Showing posts with label #missyou. Show all posts
Showing posts with label #missyou. Show all posts

Monday, March 21, 2016

Love Letter....to the one that once said "I Love You"

    Dear.....

  I can not help it to get angry at yo sometimes, yes I do love you but you know what does bother me more than anything?? Is the fact that when I send you a text, email or just a random message expressing my feelings towards you or just something I feel you end up telling me that I am exaggerating or that I am just angry. No I am not angry, no I am not exaggerating in anyway. I just want you to know what I am feeling at that moment. 
  If I tell you that I do not feel loved by you no more is because you are not paying attention to me, or because you do not respond back or just tell me idiotic things. At times I feel like I am not the one for you anymore. I feel you are starting to slowly forget about me, or that simply you just found someone else that does the things you want, someone that you can take control of. Yes I may be uncontrollable, I may not hear you or listen to you. But trust me I do pay attention to your needs more than my own. It just feels I am not the one for you anymore. It hurts me that you don't seem to care about me it just seems that way to me. I try to make conversations or just talk like we used to when we first me. Now it just seems that you just don't care anymore. Your always tiered or just complain about how work tires you or how tiered you are. Yes I do understand that but the fact that you just stop talking to me out of the blue or just don't reply back when I send you something makes me feel as if someone else has got your attention already. It hurts me to even think that, but if is so why cant you tell me that you do not want to be with me anymore. I don't want to feel forgotten about you or that I am not the one anymore. 

  It hurts me that you don't seem to care no more. Yes I would like to have you with me already, but why is it that when I send you an email, text message or just a message in general you don't seem to reply back and if you do is because apparently I am angry or just exaggerating things or because I do not want to be with you anymore.

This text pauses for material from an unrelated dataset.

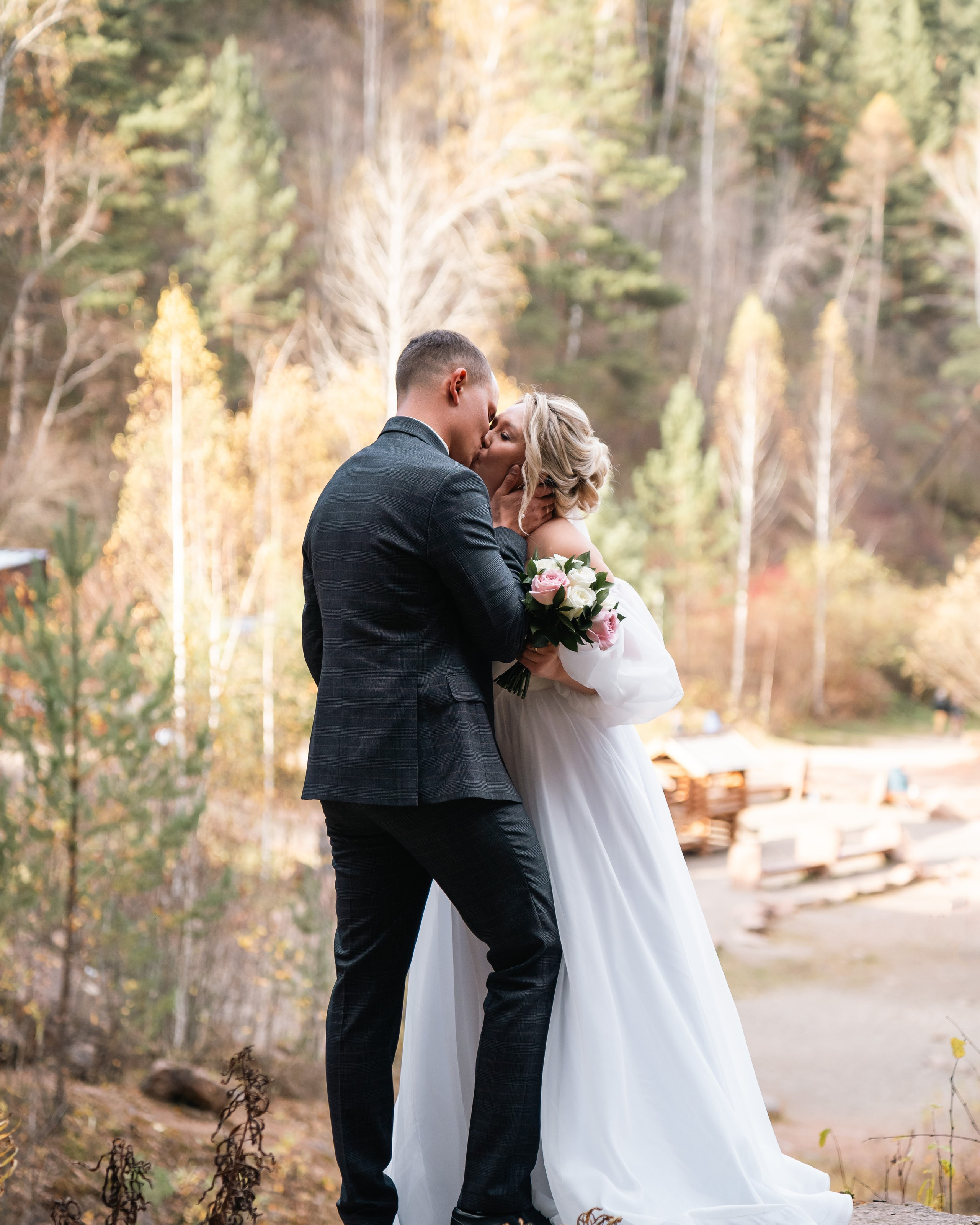 Константин и Алена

If I did not want to be with you anymore, I would had told you long time ago. Instead of not sending you anything not even a smily face or some random stupid picture. I just want you to know that I do love you, you are the one that I want in my life but you do not feel that way anymore just let me know, I wont have hard feelings towards you. I will understand, yes it will hurt me but at least I will get trough it. I just don't want to feel that you are starting to forget me or that someone could have your complete attention, and that I am not just "the one" anymore. It feels like your "friends" seem to care more about me than you.
  When we first me and started talking you always had time to talk to me even if you were "tiered" or "busy" you always made time to talk to me, or just to ask how my day was. You just don't do that anymore. 
  I miss the days we would talk late at night about random things, even the things we wanted to do and what not. But you seem not interested anymore. I feel I am not interesting to you anymore, it seems like you just don't want me in your life anymore. You have hurted me in ways I cannot describe, you let people get in to this "relationship" we have and you just don't do nothing about it. You let your friends and family say nasty things to me, and you do nothing about it. You know is happening but seems you don't care. 
  I am starting to feel this empty loneliness, and sadness that I did not want to feel again. I am starting to lose interest in you, for the things you are doing to me. I am tiered of fighting for you and with you, I seem to have no control anymore in my self. I am starting to not want to be in this "relationship" anymore, why?? Because you are starting to be the things you said you would never be. You are turning in to that monster that you said you'd never be. You are not the guy I first met, your not that funny, sweet loving guy you used to be. Your not the guy that used to want to talk to me anymore, you don't listen to me or hear me out anymore. You are not the guy I used to know anymore, you are now just like the rest of the heard that does not care about his mate anymore. It hurts me knowing that you are losing interest in me, and that you just plainly don't care anymore.
  It was good knowing you while it lasted, now I am left with the bittersweetness of the once relationship we used to have. Memories slowly starting to fade, loneliness filling me inside I am staring to slowly forget about your voice and facial features I once loved to see and hear. That touch that made me feel wanted and loved, that sweetness on your lips that made me want more, is just fading away now. It was good while it lasted, but now I know I wont get that anymore. It was good knowing you while it lasted.